Should the Court find that it is in a position to rule on the appellant' s submission that the judgment dismissing its application be set aside, I propose that the Court should dismiss the appeal and order the appellant to pay the costs of the proceedings.
(*) Original language: Danish.
(1) ° Judgment in Joined Cases T-79/89, T-84/89, T-85/89, T-86/89, T-91/89, T-92/89, T-94/89, T-96/89, T-98/89, T-102/89 and T-104/89 BASF and Others v Commission [1992] ECR II-315.
(2) ° Judgments in Case T-9/89 Huels v Commission [1992] ECR II-499, Case T-10/89 Hoechst v Commission [1992] ECR II-629, Case T-11/89 Shell v Commission [1992] ECR II-757, Case T-12/89 Solvay v Commission [1992] ECR II-907, Case T-13/89 ICI v Commission [1992] ECR II-1021, Case T-14/89 Montedipe v Commission [1992] ECR II-1155 and Case T-15/89 Chemie Linz v Commission [1992] ECR II-1275.
(3) ° Quotation from paragraph 385 of the judgment of the Court of First Instance in Case T-9/89 Huels v Commission [1992] ECR II-499.
(4) ° The cases in question are C-199/92 P, C-200/92 P, C-227/92 P, C-234/92 P, C-235/92 P and C-245/92 P.
(5) ° Paragraph 10 of that judgment reads as follows:
With regard to the argument that the decision ... is non-existent, it is necessary to point out that under Community law, as under the national laws of the various Member States, an administrative measure, even though it may be irregular, is presumed to be valid until it has been properly repealed or withdrawn by the institution which adopted it. If a measure is deemed to be non-existent, the finding may be made, even after the period for instituting proceedings has expired, that the measure has not produced any legal effects. For reasons of legal certainty which are evident, that classification must consequently be restricted under Community law, as under the national legal systems which provide for it, to measures which exhibit particularly serious and manifest defects.

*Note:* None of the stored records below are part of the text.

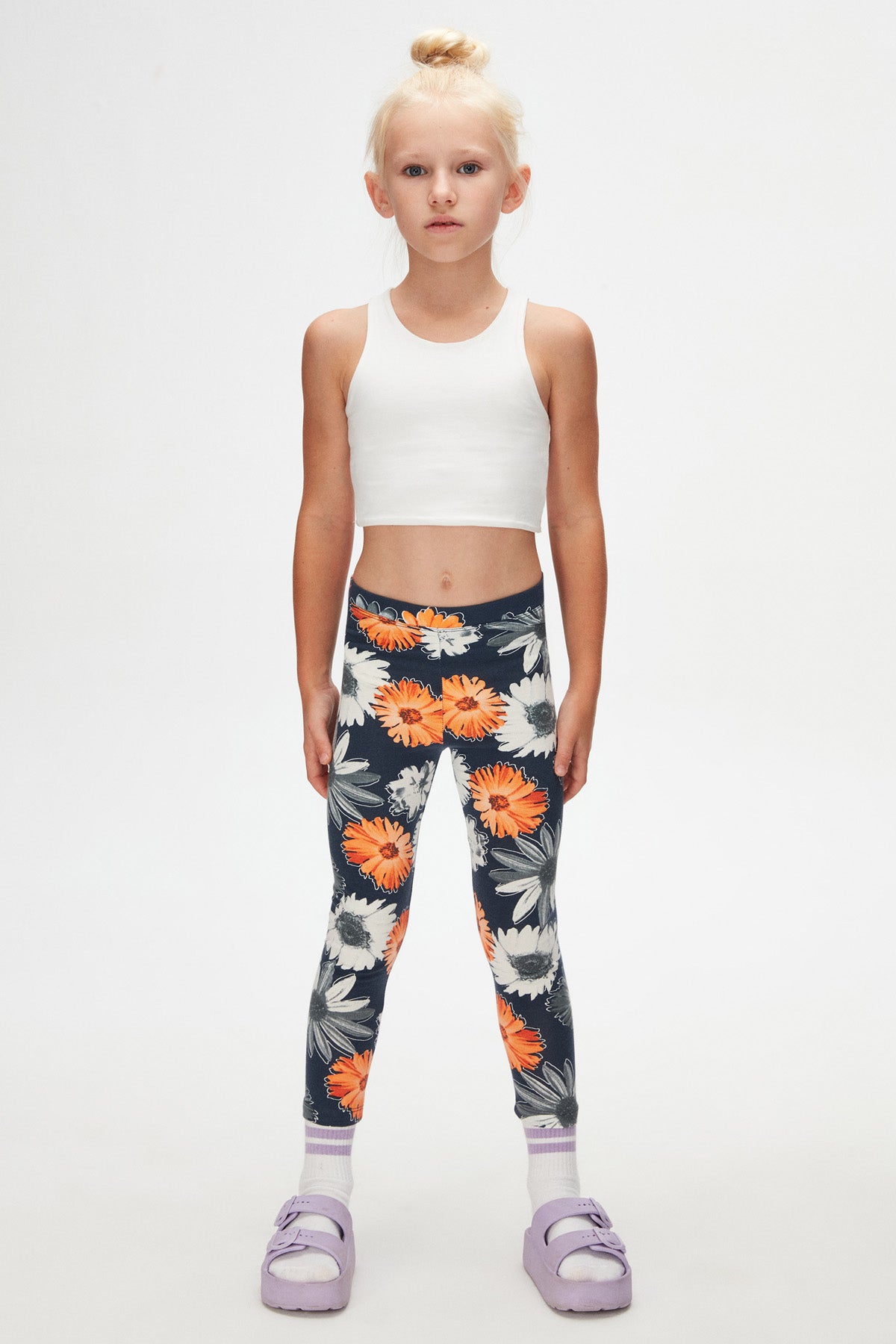 Girls' Stylized Sunflower Patterned Summer Leggings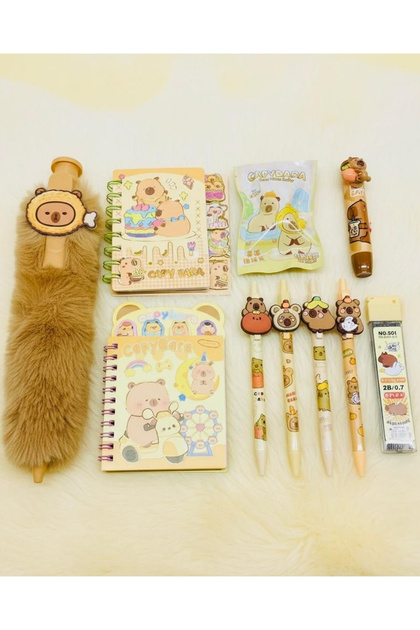 ÖZ OFİS Kapibara Set 30cm Tüylü Tükenmez Kalem - Not & Sticker
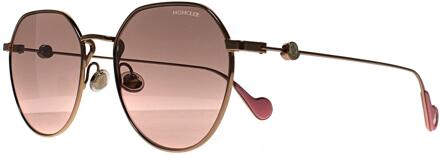 Moncler ML0156-K 28U glanzend roségoud roze bruin zonnebril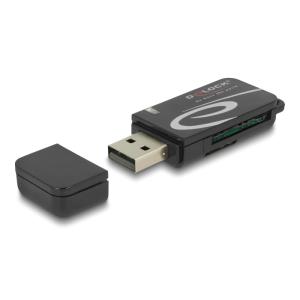 DELOCK card reader 91602 για SD & micro SD, USB, 480Mbps, μαύρο | Συνοδευτικά PC | elabstore.gr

(6) ° These are respectively Case C-49/92 P Commission v Enichem Anic and Case C-51/92 P Hercules v Commission.
(7) ° Case T-8/89 Rev. DSM v Commission.
(8) ° Case C-255/92 P BASF v Commission.
(9) ° In support of its view, Bayer refers to the Court' s judgment in Case 284/82 Busseni v Commission [1984] ECR 557. However, that case did not involve a situation in which a mistake had been made by an employee, but rather one in which the company management had failed to make arrangements to ensure that company mail would be opened.